- Born: August 10, 1887 Bishop's House, Colpetty, Colonial Ceylon
- Died: March 26, 1960 (aged 72)
- Education: Haileybury and Imperial Service College
- Occupations: Tea-broker, military officer, politician
- Employer(s): Forbes and Walker Ltd
- Spouse: Gladys Irene née Copland Mackie (m. 1919)
- Parents: James Forbes; Caroline née Delmege;
- Relatives: Charles Morton Forbes (brother)
- Awards: Commander of the Order of the British Empire (CBE)

= Oswald Boyd Forbes =

Ceylonese teabroker, military officer, and politician

Colonel Oswald Boyd Forbes (10 August 1887 – 26 March 1960) was a tea-broker, military officer and politician in Colonial Ceylon.

==Early life and education==
Oswald Boyd Forbes was born 10 August 1887 at Bishop's House, Colpetty, the third son of James Forbes (1851 - 1939) and Caroline née Delmege. His older brother, Charles Morton, was a Royal Navy officer, achieving the rank of Admiral of the Fleet in 1940.
Oswald received his education at Haileybury College between 1901 and 1906.

==Career==
In 1909 he joined his father's firm, Forbes and Walker Ltd (a merchant brokerage house), after business training in an accountants' office and in the Hong Kong Bank in London.

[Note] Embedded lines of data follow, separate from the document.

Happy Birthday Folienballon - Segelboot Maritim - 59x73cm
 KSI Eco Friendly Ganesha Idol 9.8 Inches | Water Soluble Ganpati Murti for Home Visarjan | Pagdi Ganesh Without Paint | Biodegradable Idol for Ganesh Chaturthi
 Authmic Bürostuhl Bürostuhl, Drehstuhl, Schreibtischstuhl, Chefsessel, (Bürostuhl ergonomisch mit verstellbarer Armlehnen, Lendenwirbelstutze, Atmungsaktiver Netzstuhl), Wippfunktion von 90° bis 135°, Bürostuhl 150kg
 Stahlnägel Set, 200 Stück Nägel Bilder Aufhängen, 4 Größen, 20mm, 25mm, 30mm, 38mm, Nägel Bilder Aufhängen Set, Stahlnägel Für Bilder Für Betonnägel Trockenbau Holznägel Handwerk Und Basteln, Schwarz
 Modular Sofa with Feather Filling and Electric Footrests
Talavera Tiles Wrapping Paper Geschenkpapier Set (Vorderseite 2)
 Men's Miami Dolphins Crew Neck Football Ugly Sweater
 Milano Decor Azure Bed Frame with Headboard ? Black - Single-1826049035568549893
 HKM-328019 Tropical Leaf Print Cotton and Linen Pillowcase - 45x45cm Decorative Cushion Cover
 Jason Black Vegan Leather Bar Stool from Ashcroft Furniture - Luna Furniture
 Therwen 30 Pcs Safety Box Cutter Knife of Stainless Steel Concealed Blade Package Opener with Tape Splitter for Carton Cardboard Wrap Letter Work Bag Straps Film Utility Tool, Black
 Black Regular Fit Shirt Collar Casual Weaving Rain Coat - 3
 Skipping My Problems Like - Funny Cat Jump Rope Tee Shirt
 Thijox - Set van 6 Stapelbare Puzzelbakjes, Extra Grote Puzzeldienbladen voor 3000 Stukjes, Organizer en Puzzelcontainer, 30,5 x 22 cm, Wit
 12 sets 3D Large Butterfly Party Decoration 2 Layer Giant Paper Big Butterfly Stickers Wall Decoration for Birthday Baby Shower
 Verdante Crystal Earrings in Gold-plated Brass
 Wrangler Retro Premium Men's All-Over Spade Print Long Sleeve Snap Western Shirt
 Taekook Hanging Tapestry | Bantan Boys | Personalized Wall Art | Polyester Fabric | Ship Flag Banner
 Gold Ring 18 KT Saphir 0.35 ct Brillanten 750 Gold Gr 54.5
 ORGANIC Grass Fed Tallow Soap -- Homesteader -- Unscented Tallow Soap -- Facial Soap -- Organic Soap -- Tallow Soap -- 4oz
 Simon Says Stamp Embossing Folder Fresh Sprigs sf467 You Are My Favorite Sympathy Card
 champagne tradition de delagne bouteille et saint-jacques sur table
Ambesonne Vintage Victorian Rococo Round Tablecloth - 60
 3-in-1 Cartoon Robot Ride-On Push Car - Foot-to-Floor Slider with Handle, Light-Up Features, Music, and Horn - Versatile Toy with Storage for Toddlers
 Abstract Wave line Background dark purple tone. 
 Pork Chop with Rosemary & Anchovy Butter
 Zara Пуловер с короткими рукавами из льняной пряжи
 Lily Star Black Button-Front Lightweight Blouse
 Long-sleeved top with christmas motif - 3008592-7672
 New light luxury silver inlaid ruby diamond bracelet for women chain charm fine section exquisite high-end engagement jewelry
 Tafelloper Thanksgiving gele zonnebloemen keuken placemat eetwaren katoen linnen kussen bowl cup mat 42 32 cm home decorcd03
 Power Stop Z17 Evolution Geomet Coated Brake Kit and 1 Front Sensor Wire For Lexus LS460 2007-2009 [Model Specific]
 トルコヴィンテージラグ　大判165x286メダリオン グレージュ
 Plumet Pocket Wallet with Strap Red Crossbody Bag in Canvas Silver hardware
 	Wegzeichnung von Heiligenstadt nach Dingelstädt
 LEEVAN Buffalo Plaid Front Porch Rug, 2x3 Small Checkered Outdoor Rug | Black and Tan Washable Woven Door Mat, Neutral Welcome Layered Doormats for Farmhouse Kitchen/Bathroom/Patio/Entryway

Forbes was a member of the Ceylon Chamber of Commerce and served as its president in 1948. In 1923 he was made a partner in Forbes and Walker remaining with the company until his retirement as senior partner in 1946.

Forbes served as the inaugural Secretary of the Ceylon Cricket Association following its formation in 1922, later serving as the Association's president in 1928.

In 1957 he was appointed as a member of the Parliament of Ceylon, replacing Reginald Percy Gaddum.

==Military service==
He was a member of the Ceylon Defence Force and served as the commanding officer of the Ceylon Garrison Artillery. In 1937 Forbes attended the Coronation of King George VI, as one of the official representatives of the Ceylon Defence Force, for which he received the Coronation Medal.

==Family==
Forbes married Gladys Irene née Copland Mackie on 19 November 1919 at the Church of St. John the Evangelist, Edinburgh.

==Honours==
He was appointed Commander of the British Empire in 1941.